Gaetano Bellia, dopo la prima esperienza popolare, si formò in questa temperie, accanto a Giuseppe Petringa e a Salvatore Roberto, a Carmelo Danese e ai fratelli Castorina, a Francesco Spampinato e a Pippo Puivirenti e a tanti altri ancora. Il suo verso, sempre armonioso, si compiaceva spesso di assonanze atone, peculiarità della poesia popolare, primo amore del Nostro, e prendeva vigore da contenuti della buona tradizione siciliana, legati alla famiglia, all’amicizia, alla religione, insomma a quei valori che costituivano gli ideali dei popolo onesto e laborioso di Catania.

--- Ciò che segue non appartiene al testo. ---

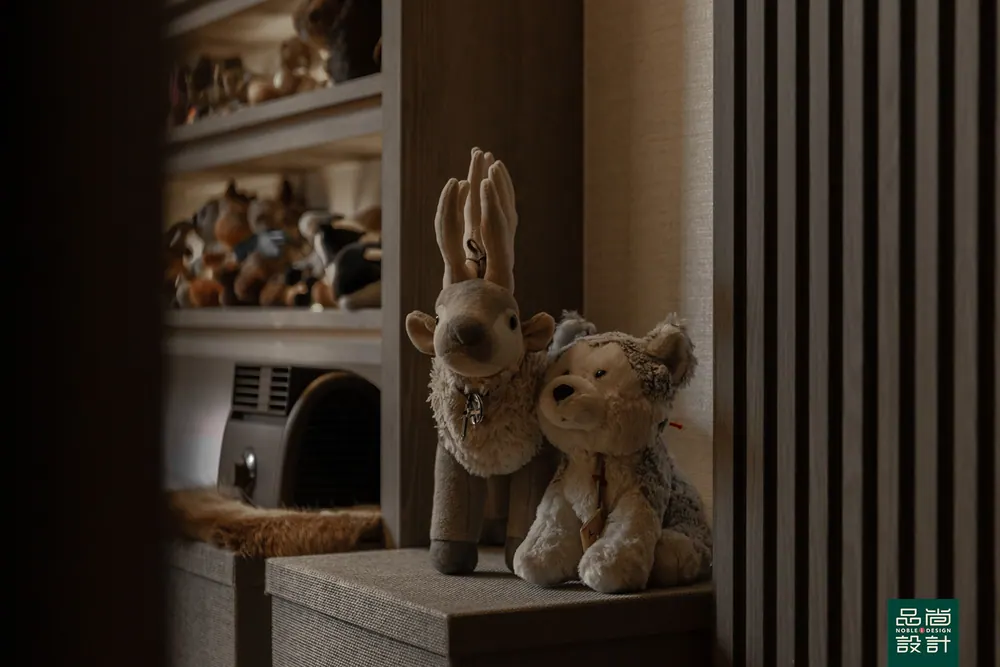 The Gentlemen’s Haven: A Stylish Escape — interior by Noble Interior Design (42 of 50)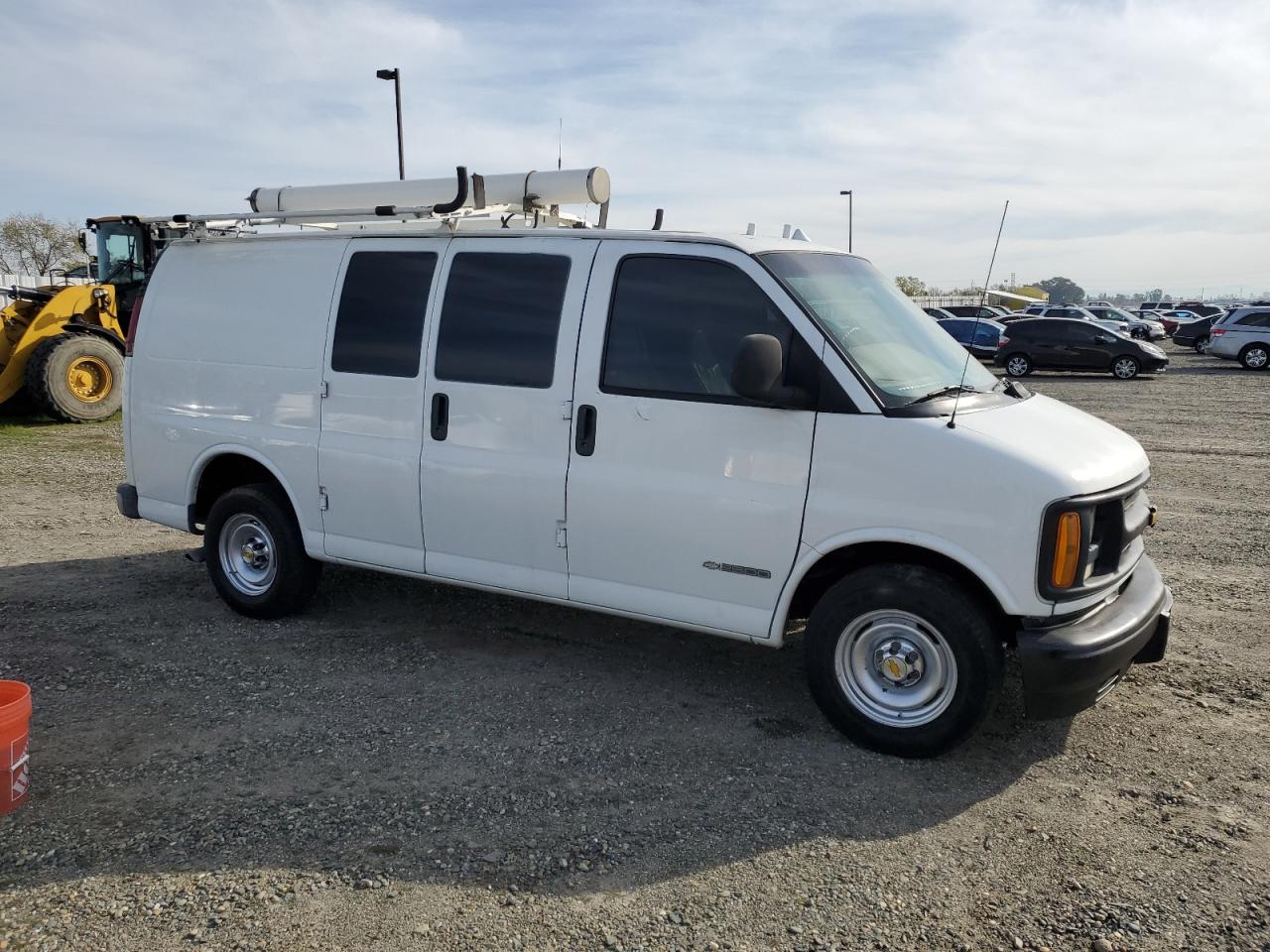 2001 Chevrolet Express VIN 1GCFG25WX11169310 Copart auction photo, minor dent/scratches damage thumbnail 4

Negli anni Quaranta la poesia siciliana, soprattutto per merito dei giovani, fu attraversata da fremiti di rinnovamento, dalla rottura dell’armonia tradizionale della metrica, da nuove formule che si chiamavano simbolismo, analogia, metafore continuate, e Gaetano Bellia si sentì come Spaesato, ma non si perse d’animo. Continuò per la sua strada senza ‘ badare più di tanto a quello che predicavano gli innovatori, pago dei suoi ideali e dei suo endecasillabo dalle cadenze tradizionali.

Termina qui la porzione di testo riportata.